The case was brought by Paul Murphy, a retired United States Army Ranger who claimed that local laws violated his Second Amendment rights. Specifically he challenged, “(1) the requirement that he obtain a license and register his weapons; (2) the restrictions on how he may store his weapons at home; (3) the ban on large capacity magazines (“LCMs”); (4) the ban on rifles in calibers above .223; (5) the ban on “assault weapons”; (6) the ban on transporting operable firearms; and (7) the $1,000 excise tax imposed on handguns.”
Well, Ramona Manglona, of the U.S. District Court for the Northern Mariana Islands, ruled on most of those items and in an almost always favorable outcome for Murphy and other gun owners.
First, Manglona ruled that the ban on so called assault weapons as well as limits on rifle calibers were unconstitutional. She also ruled against registration requirements.
In regards to rifle caliber ammunition bans, she said those limitations “burdens the core Second Amendment right to armed self-defense” and “must fall.” She also struck down the “assault weapons” ban as regards the following rifle accessories: “(1) pistol grips that protrude beneath the action; (2) thumbhole stocks; (3) folding or telescoping stocks; (4) flare launchers; (5) flash suppressors; and (6) forward pistol grips.” She explained the decision against the “assault weapons” ban by stressing the possibility that having forward grips and other accessories might actually make it easier to shoot a firearm accurately, thereby limiting the danger of stray or misplaced rounds.

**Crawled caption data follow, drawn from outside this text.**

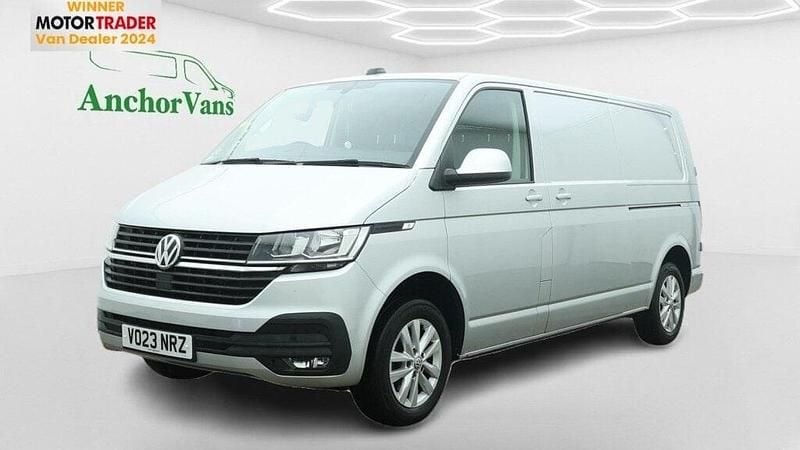 Used VW Transporter Highline 2023 Silver Van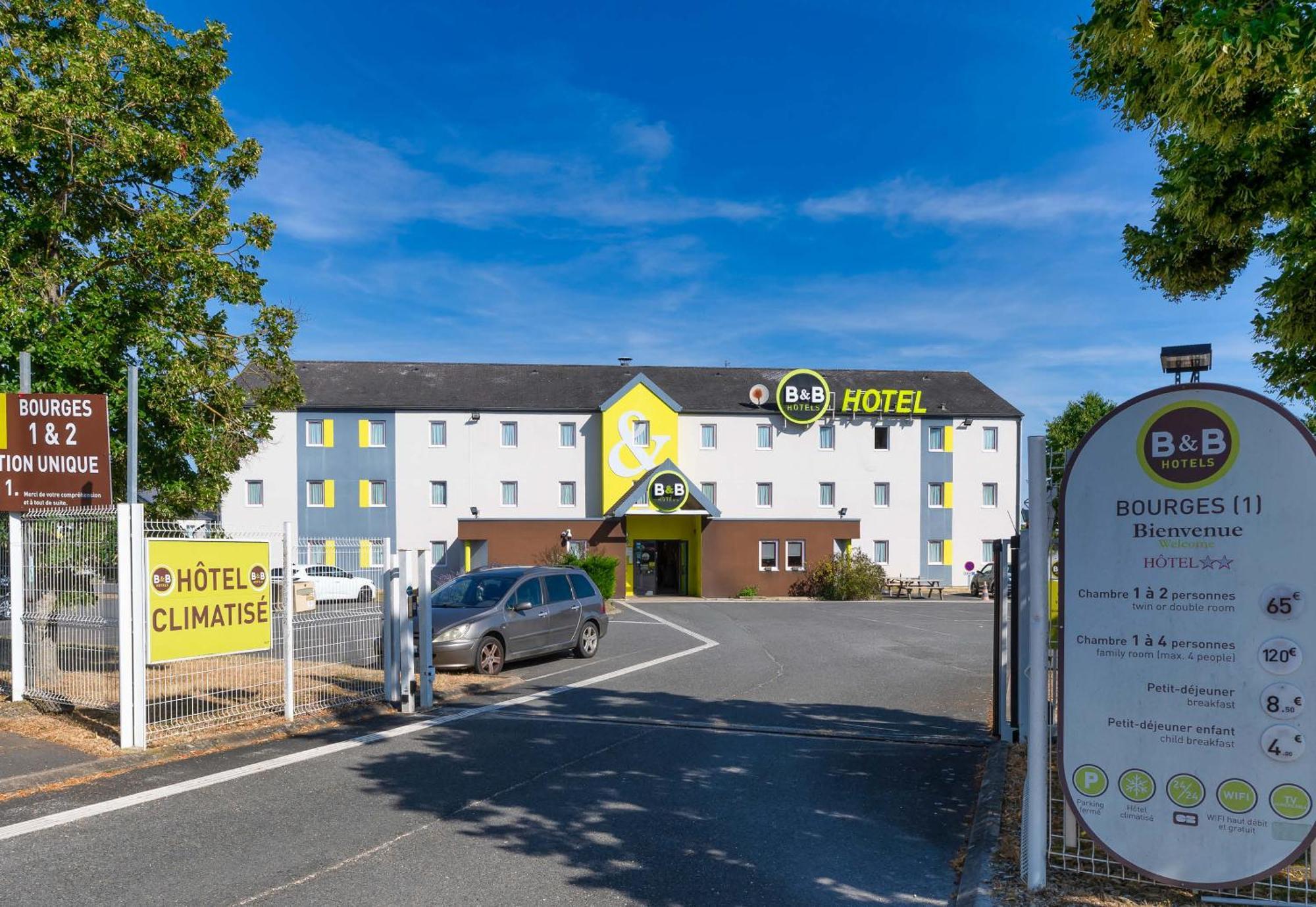 B&B Hotel Bourges 1 Kültér fotó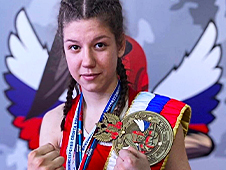 Спортсменка из Архангельска выиграла национальное первенство по боксу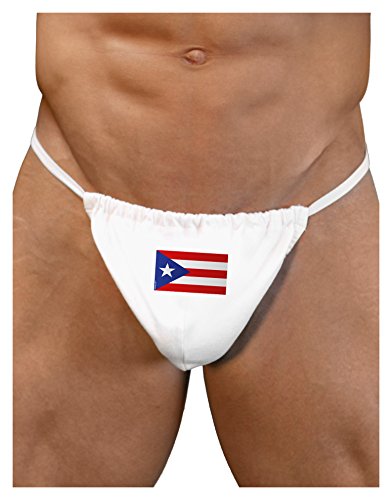 LOBBO TooLoud Puerto Rico Flag Mens G-String Underwear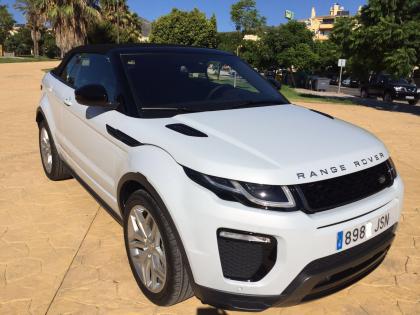 Car Hire Evoque Convertible Malaga Airport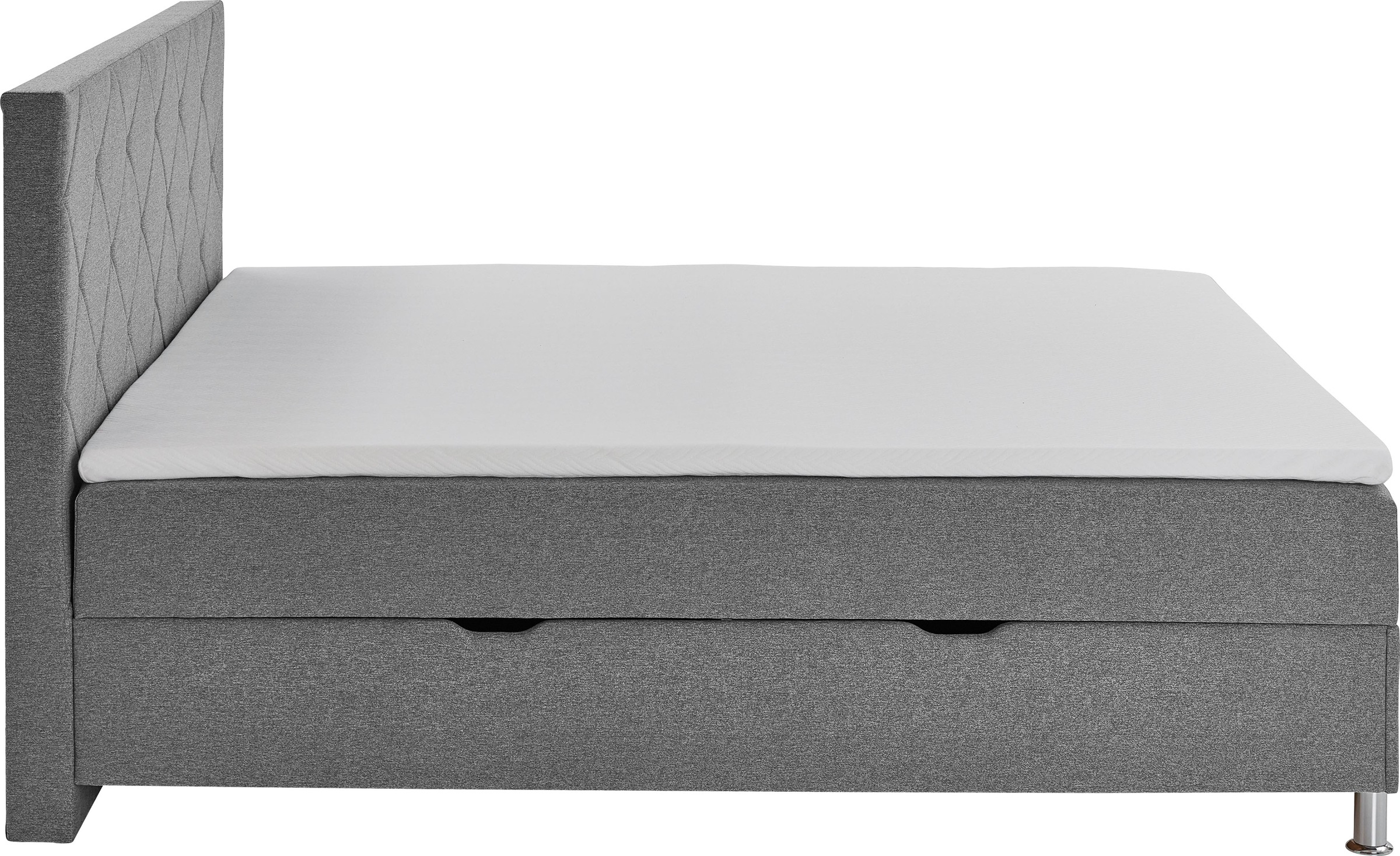 meise.möbel Boxbett »Leo«, inkl. Bettkasten und Topper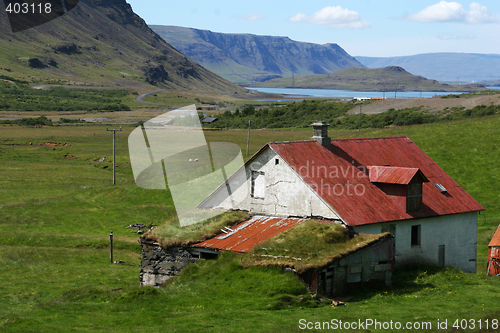 Image of vintage farm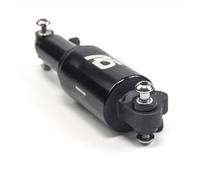 Bicycle Shock Absorber Double Single Air Chamber Pressure Mountain Rear Shock Absorber 125 150 165mm(165mm single air)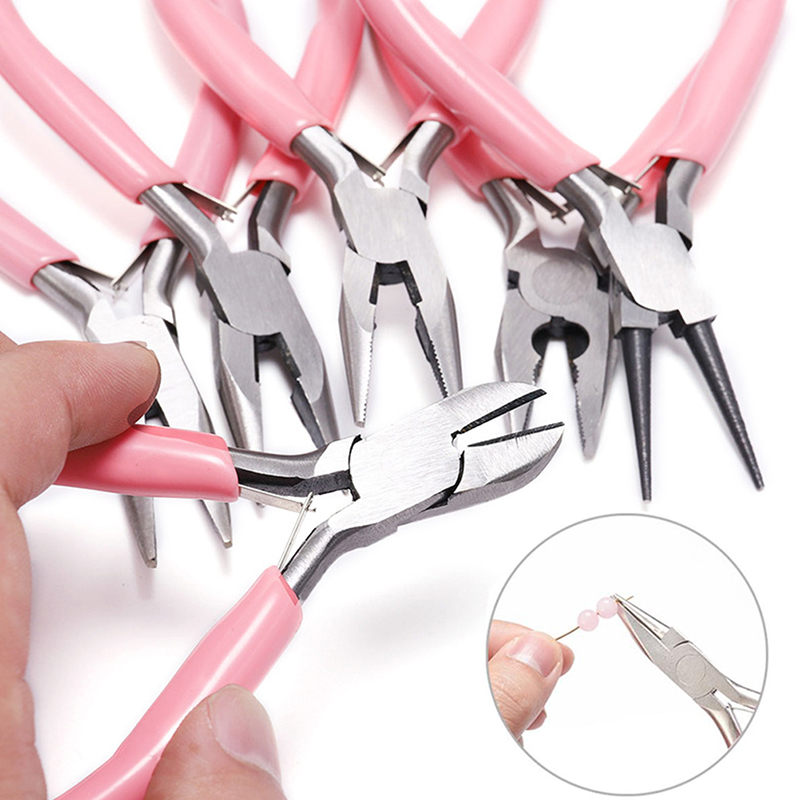 Pince coupante diagonale isolé - Jewelry Making Round Nose Pliers avis et prix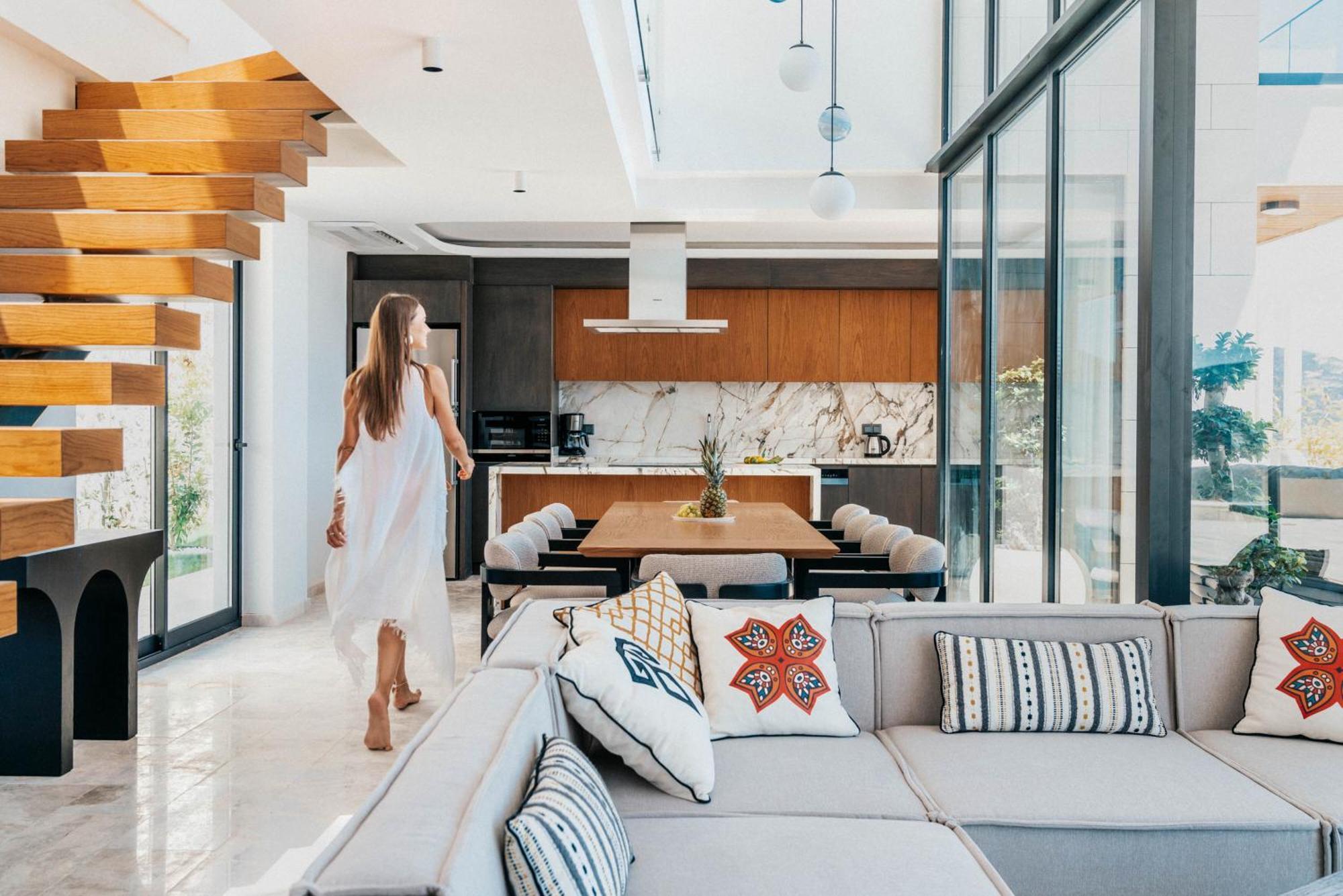 Villa Ultra Luxurious Magnificent Sea View In Kalkan Kalamar Bay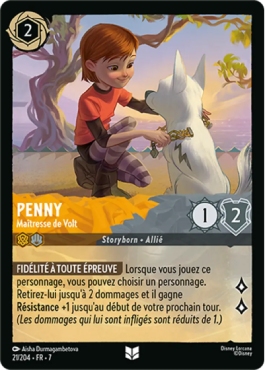 Penny - Maîtresse de Volt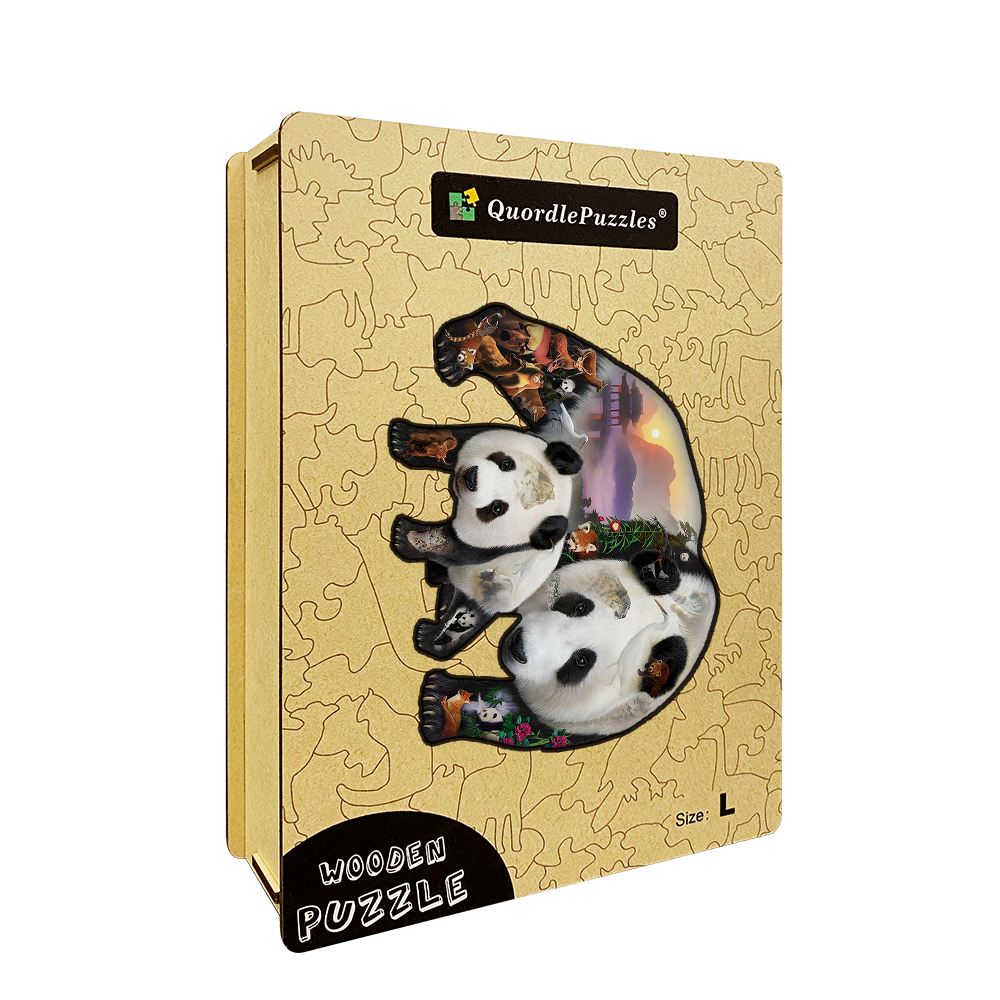 Panda Home puzzle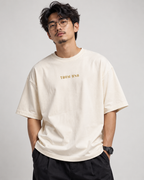 Believe in Your Becoming Unisex Oversized Tee
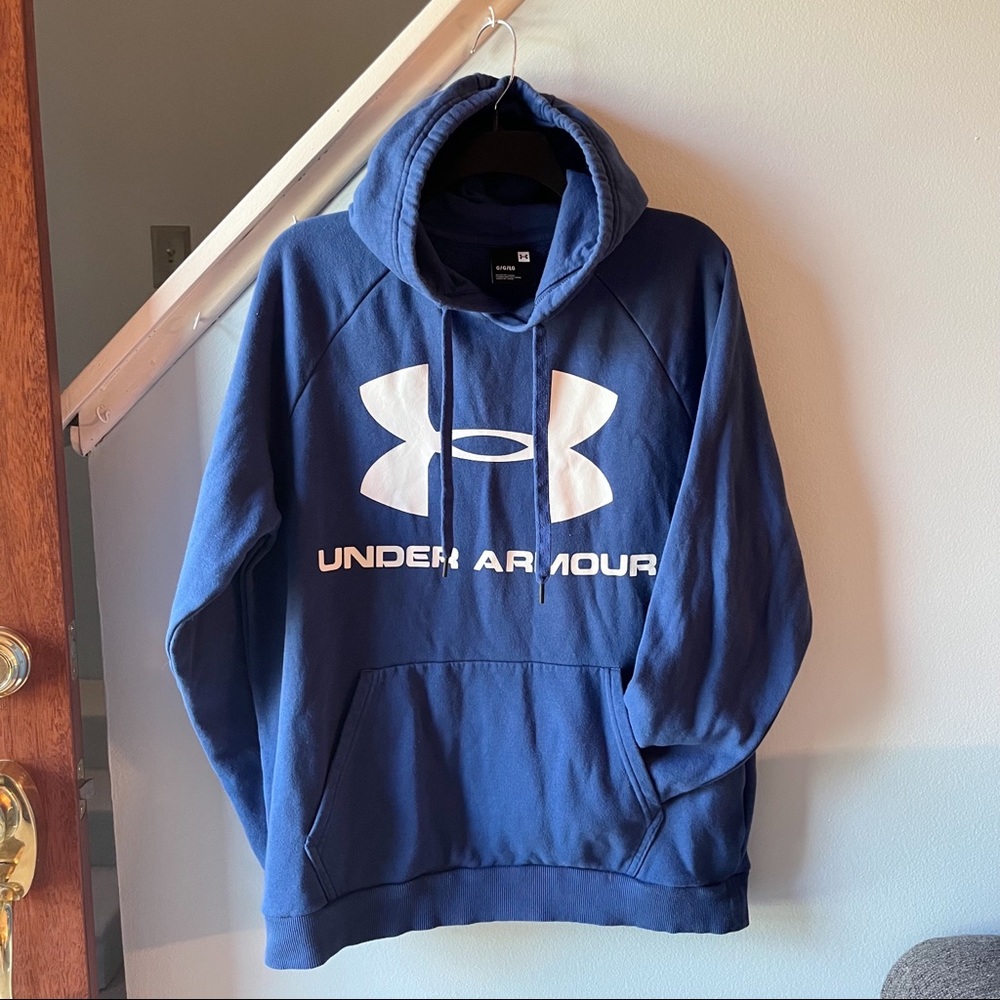 Blue Under Armour Sweatshirt (L)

Manglona also ruled against laws that limit open carry saying “the Second Amendment secures a right to bear arms for self-defense in public.” Observing that “because SAFE completely destroys that right, it is unconstitutional regardless of the level of scrutiny applied, and the Court must strike it down. She concurred with precedent that finds certain “limitations” on carry to be constitutional, but observed that being subject to limitations does not translate into being “subject to elimination.”
The U.S. District Court for the Northern Mariana Islands falls under the jurisdiction of the 9th court of appeals, which is generally not the friendliest federal courts for gun rights, so there is a chance this decision will be overturned on appeal later on.